Sleep Regressions and Daycare: What to Know and Do

By Kimberly


While I’ve been a stay-at-home mom, I’ve been asked many questions about sleep regressions and daycare. And having recently started going to a gym with a fantastic short-term daycare, I decided to do some more in-depth research.

So what do parents need to know and do about sleep regressions when starting daycare? Starting daycare may trigger sleep regressions, as it’s a new and stressful change for everyone. Naps and nighttime sleep disturbances should resolve within several weeks as everyone adjusts to the new schedule.

That being said, let’s look at some of the other vital things to know, the best ways to help everyone adjust better, and ways to help your child nap better at daycare.

An image of a teacher reading a book to kids lying on a carpet.
two children boys play together with educational toys in the playroom

Why Starting Daycare May Cause Sleep Regressions

Whenever there’s a large life change or a significant amount of stress, sleep regressions are very likely to happen. Starting daycare often fits both of those criteria for both parents and children. In other words, it’s very common for families to see sleep regressions around the time they start daycare.

Some families even experience a pre-daycare sleep regression, due to the anxiety and anticipation of leaving their child with another care provider.

A pre-daycare sleep disturbance may (or may not) be associated with any other developmental leaps or regressions.

Oh, and there’s one more reason that your child may be experiencing sleep regressions due to daycare: illness. No matter how hard everyone tries to keep illnesses out of daycares, some germs always manage to be spread. Sick babies will want extra love, comfort, and support as they heal – and this can trigger sleep regressions.
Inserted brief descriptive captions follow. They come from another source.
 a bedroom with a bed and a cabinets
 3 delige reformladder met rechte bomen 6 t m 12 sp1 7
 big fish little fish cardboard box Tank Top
So whether you’re just starting daycare or are already there, just be mentally prepared for the fact that sleep regressions will happen.
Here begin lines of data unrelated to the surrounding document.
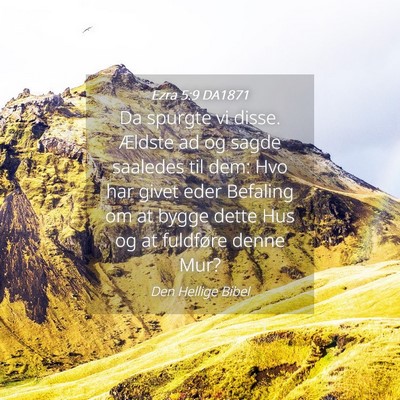 Picture 04 - Ezra 5:9 DA1871 - Da spurgte vi disse. Ældste ad og sagde saaledes - Bible Verse Picture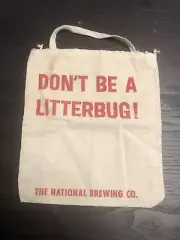 National Premium Beer “Don't Be a Litter Bug” Trash Bag National Bohemian Beer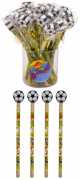 Bleistift und Radiergummi mit Fußball-Motiv – Party-Deko jetzt online kaufen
How Long Does It Take Babies to Adjust to Daycare?

After surveying 800+ parents and extensive research, I’ve found that most children need about 3-4 weeks to adjust to being at daycare. Some children are able to adjust within just a week or two, and others may need as long as 2 months to get into the swing of things at daycare.
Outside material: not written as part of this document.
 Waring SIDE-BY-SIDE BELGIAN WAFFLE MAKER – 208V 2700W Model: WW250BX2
That being said, being comfortable with the daycare is vital. So please make sure you communicate regularly with your daycare provider. And listen to your intuition if anything ever feels off.

If for any reason your current daycare situation isn’t what you’re looking for, you can look at alternatives:

  • a different daycare
  • work-sponsored daycare
  • a private nanny
  • nanny sharing
  • in-home daycare
  • childcare swapping

Just remember that changing to a new daycare will reset the clock. Count on another month or so for everyone to adjust.

How Does Nap Time Work at Daycare?

While every daycare handles nap time differently, smart daycare workers know that a rested baby is a happy baby. Daycare providers will try very hard to make sure children get adequate rest during nap time.

So make sure you talk to the daycare director and find out precisely what their policies are. Some daycares use rigid, timed nap schedules, while others let babies nap on demand.

The daycare directors I talked to let babies under 12 months of age nap on demand, while toddlers had an assigned nap time after lunch.

You should also ask the daycare director about policies regarding getting your baby to sleep, what the staff-to-child ratios are, where your baby will sleep, and any special requests you may have.

Example: Some daycares may not be able to accommodate holding a napping baby, depending on the staff-to-children ratio and specific daycare policies.

Finally, many daycares limit how many children under 1 they accept to prevent overwhelming both the staff and the children, especially for feeding and nap times.

How Can I Help My Baby to Nap at Daycare?

In order to help your baby best nap at daycare, talk to your daycare provider and even the director.

Let the daycare know what your usual routine is for naps – see if they’re able to accommodate it. If they’re not able to follow your exact routine, see what they are able to do.

Then, bring a special comfort item for your child to have. Having a special blankie or stuffed animal from home may make all of the difference in getting your child to be comfortable with napping at daycare.

Finally, remember that what happens at daycare isn’t controllable – even by the staff. Some kids are able to adjust just fine and will nap well at daycare. Others will only ever cat nap at daycare.

No matter how hard the staff tries to help, some children just cannot sleep well at daycare.

However, keep in mind that things could change. Some babies who do not nap well at daycare become champion nappers at daycare as toddlers.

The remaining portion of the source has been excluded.